Bunlarla da bitmiyor daha. Buzdolabı, çamaşır makinesi, bulaşık makinesi, mikrodalga fırın, saç kurutma makinesi, elektrikli tıraş makinesi ve diş fırçaları ile elektrikli ısıtıcılar da diğer suçlular…
Tüm bu alet edevatı cihazı hayatımızdan çıkarmak mümkün olmadığına göre, EMA’ların zararlı etkilerinden kurtulmak için neler yapılabilir?
-Yatılan odaya cep telefonunu sokmayarak işe başlanabilir.
-Cep telefonu ile kucaklaşarak, hele hele baş ucunuzda şarjda bırakarak uyumaktan vazgeçilmeli. Kaldi ki başucunuzda priz ve elektrikli cihaz da bulunmamalı. Uyku, bedenin detoksa daldığı ve bakım-onarım yaptığı süreci olduğu için, yatak odasının elektrik şalteri kapatılabilir. Yapabilene ne ala. Doğrusu bu en azından…
-Bilgisayar ve televizyon, kullanılmadığı zaman kapatılmalı.

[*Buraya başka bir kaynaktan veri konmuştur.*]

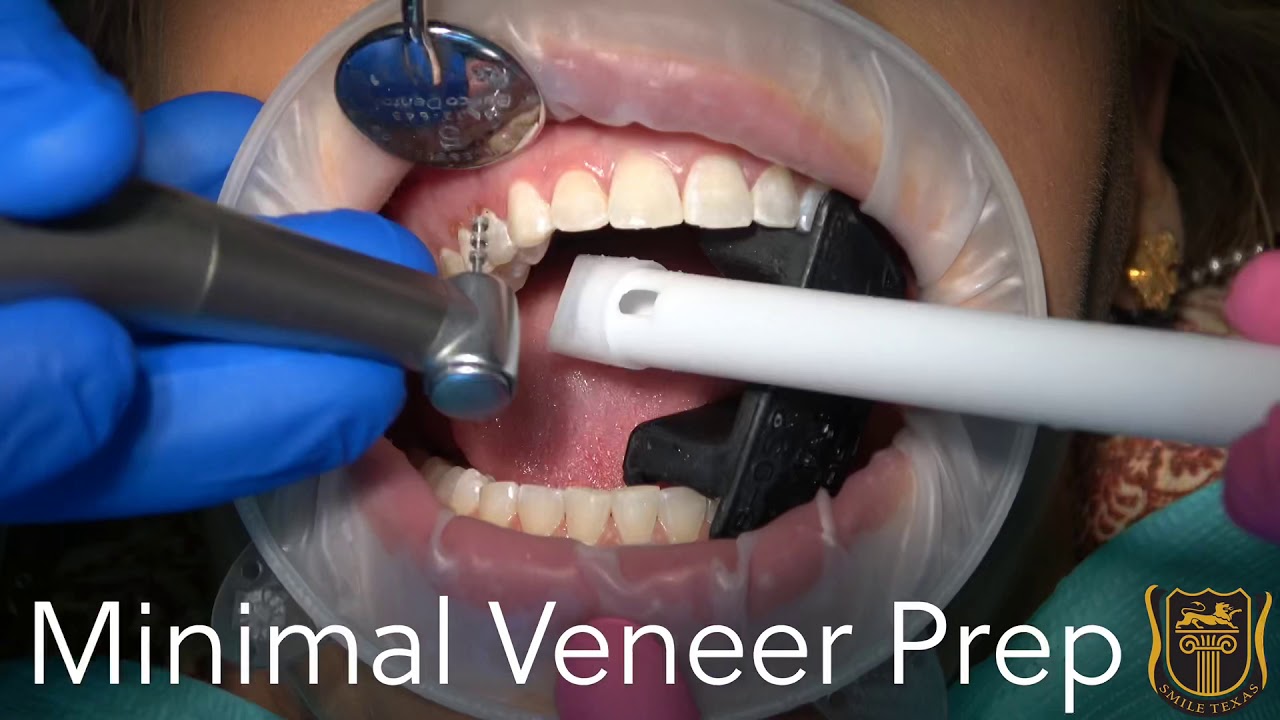 Minimal Veneer Prep by @Smiletexas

-Bilgisayarların arka kısmına 1.5m’den fazla yaklaşılmamalı ve bu kısım boş bir alana dönük olmalı.
-Bilgisayar ve cep telefonu ekranı en az bir kol mesafesi, TV ise 2m uzakta olmalı.
-Elektrikli aletler kullanılmadıkları zamanlar, fişleri prizden çıkarılmalı ve aletler fişe takılı iken de en az 2m uzak durulmalı.

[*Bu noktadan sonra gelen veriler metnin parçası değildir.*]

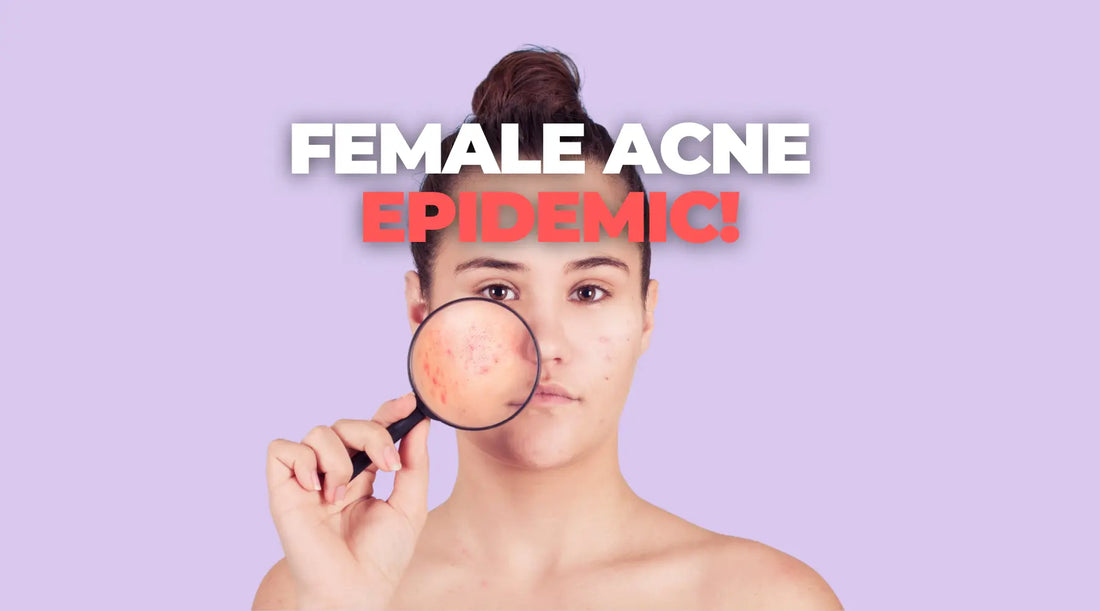 Why Women Are Getting More Acne Than Ever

-Cep telefonu, olabildiğince bedenin uzağında taşınmalı.
-Telefon ile konuşurken kulaklık ya da en azında hoparlör kullanılmalı, konuşma esnasında, cihaz ile cilt arasında birkaç cm mesafe bırakılmalı, telefonun bir sohbet aracından çok, bir haberleşme unsuru olduğu unutulmamalı ve konuşma süresi kısa tutulmalı.
-Cep telefonu, en fazla EMA’yı arama yapma esnasında oluşturmakta. Hiç olmazsa bu sürede, kulağa yakın değil, bedenden uzakta tutulmalı.

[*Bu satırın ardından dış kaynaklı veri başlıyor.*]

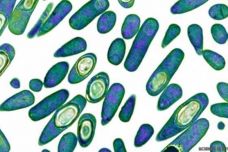 151119104918_clostridium_difficile_drug-resistant_bacteria_coloured_transmission_electron_micrograph_640x360_sciencephotolibrary.jpg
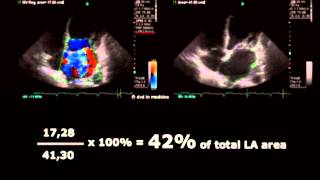 Volodymyr Pavliuk MD PhD Echocardiographic Assesment of Mitral Regurgitation [upl. by Clywd]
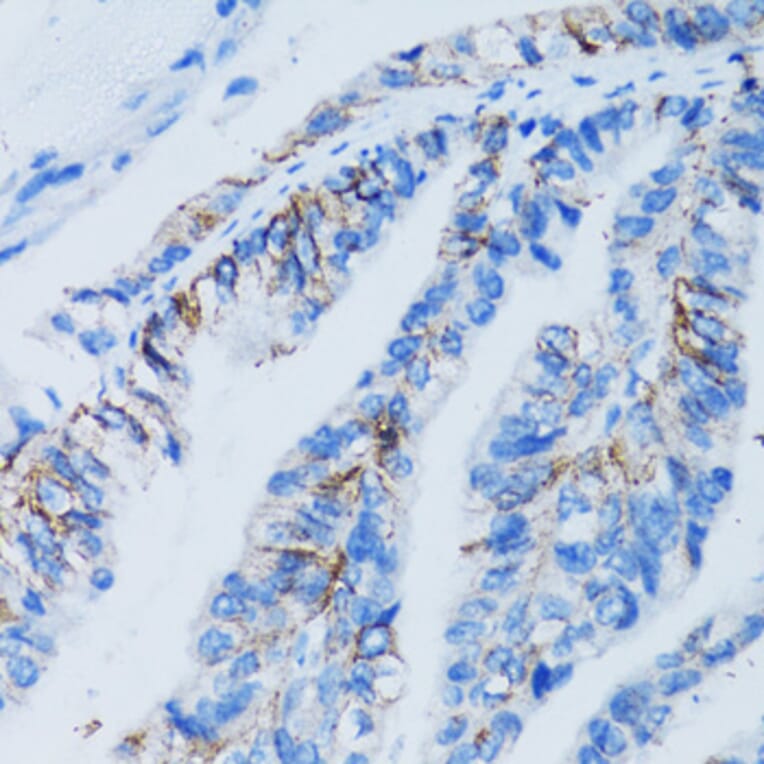 Immunohistochemistry - Anti-LGALS8 Antibody (A6646) - Antibodies.com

-Asansör gibi, cep telefonunun güç konuşulduğu ve erişimin zor olduğu yerlerde, telefonu kullanmakta ısrar etmekten vazgeçilmeli. O pek acil konuşmalarınızı, en fazla 20-30 saniye sonra asansörden indiğinizde yapabilirsiniz pekala.
-Mikrodalga fırın, çamaşır ve bulaşık makinesi ile buzdolabının oluşturmuş olduğu EMA’ dan korunmak için, cihazların önünde mümkün mertebe kısa durulmalı.
-Uyumadan evvel Wi-Fi fişi prizden çıkarılmalı. Her ne kadar, konu komşunun Wi-Fi dağıtıcılarına müdahil olmak güç olsa da, herkes üzerine düşeni yaparsa, kirlilik en aza indirilebilir hiç değilse.
-Baz istasyonları, yüksek gerilim hatları, yerleşim birimlerinin uzağına taşınmalı (Bundan 20 yıl kadar önce üniversitede hocalarımız, bu konu ile ilgili neredeyse sadece bu cümleyi kurar geçerlerdi bu arada. Elektrikli cihazlar az sayıdaydı, cep telefonları yoktu, Wi-Fi’i sanırım hayal bile etmemiştik).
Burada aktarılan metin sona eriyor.